Home and Project directories

We are running rsync with these filtering rules:

# System generated directories which we don't want to copy
- /.snapshots
- /.policy
# Caches and corefiles don't need to be preserved
- /.cache
- /*/.lmod.d
- core.[0-9]*
# Your additional rules from any .RSYNC_FILTER file are inserted here
: .RSYNC_FILTER

It is unlikely that you will want to add additional rules via an .RSYNC_FILTER file in these directories, but if you do then it is most likely to be a fairly simple exclusion such as

# Leave behind this nearly obsolete directory
- /NotNeededAfter2024`.

Nobackup directories

For nobackup directories we use the same filter rules as above with one additional rule at the end which excludes everything:

# Default to excluding everything
- *

so you will have to override that if you want anything from your nobackup directory migrated into WEKA. e.g:

echo '+ *' > /nesi/nobackup/nesi99999/.RSYNC_FILTER

However unless you have a small amount of nobackup data, please give it more thought that that! There is no point in copying across data which will be obsolete by the time you get login access to the new system, and the smaller the amount of data that is copied the more frequently it will be updated in the new WEKA filesystems, and so the more flexibility you will have about when you start working on the new system.

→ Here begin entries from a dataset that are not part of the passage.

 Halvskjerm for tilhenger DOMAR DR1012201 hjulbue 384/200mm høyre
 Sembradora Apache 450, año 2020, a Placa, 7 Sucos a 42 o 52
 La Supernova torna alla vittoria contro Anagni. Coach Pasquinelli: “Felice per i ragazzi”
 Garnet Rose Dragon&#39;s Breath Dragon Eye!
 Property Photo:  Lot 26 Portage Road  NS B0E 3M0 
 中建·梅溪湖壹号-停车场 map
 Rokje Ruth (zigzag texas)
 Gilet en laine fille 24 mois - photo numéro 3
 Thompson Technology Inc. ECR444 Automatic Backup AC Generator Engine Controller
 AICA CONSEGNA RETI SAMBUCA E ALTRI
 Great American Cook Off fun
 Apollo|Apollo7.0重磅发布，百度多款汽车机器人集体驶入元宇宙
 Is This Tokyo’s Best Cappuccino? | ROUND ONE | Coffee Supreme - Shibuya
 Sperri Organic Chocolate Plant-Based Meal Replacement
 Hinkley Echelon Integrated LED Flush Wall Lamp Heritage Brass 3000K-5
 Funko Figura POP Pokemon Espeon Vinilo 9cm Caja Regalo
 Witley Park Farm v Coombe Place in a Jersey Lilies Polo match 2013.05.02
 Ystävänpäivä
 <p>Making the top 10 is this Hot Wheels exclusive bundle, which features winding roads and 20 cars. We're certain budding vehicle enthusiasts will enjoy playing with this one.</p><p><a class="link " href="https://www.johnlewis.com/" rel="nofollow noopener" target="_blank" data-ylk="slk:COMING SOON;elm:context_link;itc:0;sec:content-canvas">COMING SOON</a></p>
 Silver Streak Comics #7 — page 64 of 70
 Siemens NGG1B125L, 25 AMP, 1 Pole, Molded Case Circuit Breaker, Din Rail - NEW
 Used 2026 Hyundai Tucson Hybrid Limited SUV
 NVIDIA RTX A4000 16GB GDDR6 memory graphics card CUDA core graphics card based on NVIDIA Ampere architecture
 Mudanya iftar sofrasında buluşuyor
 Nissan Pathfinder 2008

A more selective example of a simple .RSYNC_FILTER file would be:

# Keep everything other than the "JobTmpDir" directory
+! /JobTmpDir

or

# Keep only the "Important" directory and its contents
+ /Important/***

or equivalently:

# Keep only the "Important" directory and its contents
+ /Important
+ /Important/**

Note that + /Important by itself would only keep the (now empty) directory, and + /Important/** by itself would never be tested against the important file names because the directory would be excluded and so never looked at by rsync. + /Important** would work but would also match a filename like, for example, ImportantButNotReally.2023.tgz.

If combining exclusions and inclusions, remember that the order matters, as the first rule to match each file path is the effective one:

# Specific match appears before the generic wildcard, since "Temporary" would also match "***"
- /MyData/Temporary
+ /MyData/***

Large multi-user projects

.RSYNC_FILTER files can be put in any directory, not just the top one, so responsibility for sub directories can be delegated, which may be useful if you have a project or nobackup directory containing several per-user sub directories. Users can then manage their own .RSYNC_FILTER files, just so long as the project's top level rules don’t completely exclude their directory in advance. In such cases the .RSYNC_FILTER in the nobackup directory might look like:

# Include all top-level directories (but not their contents), sub directories can specify their own inclusions. 
+ /*/

or

# Keep everything except any stray non-directory top level content, sub directories can specify their own exclusions.
+ /*/***

Checking on progress

To check on how often or how recently your data was synced, the command nn_data_migration_rsyncs displays the five most recent rsync runs. You can give a project code to it as a command line argument, or else it will default to showing records for your home directory and the project and nobackup directories for each of your projects.

Using the new WEKA copy of your data

Once you can log in to the new cluster and so see the WEKA filsystems for yourself, please check that your important files have arrived there, particularly if you used a complex .RSYNC_FILTER file. You can use the command df -h /nesi/project/<code>/ to compare the total amount of data at each end. There could be small differences in size due to differences between the ways GPFS and WEKA work, but they should be approximately the same.

All home, project, and nobackup directories are still being rsynced from GPFS every couple of days, and that rsync is configured to mirror rather than just update, because that makes sense before you start using the WEKA copy. So any changes you make on WEKA will get obliterated at random times. There are two ways to avoid that though:

Protecting individual file paths

An .RSYNC_FILTER file in the WEKA copy can protect new files there from deletion. For example, an .RSYNC_FILTER file containing the line P /example will protect the (sibling) directory named "example", so preventing rsync from modifying its contents. This is a distinct file from the one of the same name at the GPFS end, which will not be copied across to WEKA.

Stopping the data migration

Once you are happy that all your data has been successfully copied to WEKA and you are ready to move to working entirely the new platform, place a file named .GOODBYE_GPFS in the top directory of each of your three GPFS filesets (home, project, and nobackup). For example, touch $HOME/.GOODBYE_GPFS. That signals to our rsyncing script to skip that directory entirely.

Once a home directory or both the filesets of a project have indicated ".GOODBYE_GPFS" we will stop even checking them, forever, so it will not be possible restart their rsyncing without asking NeSI Support to do it.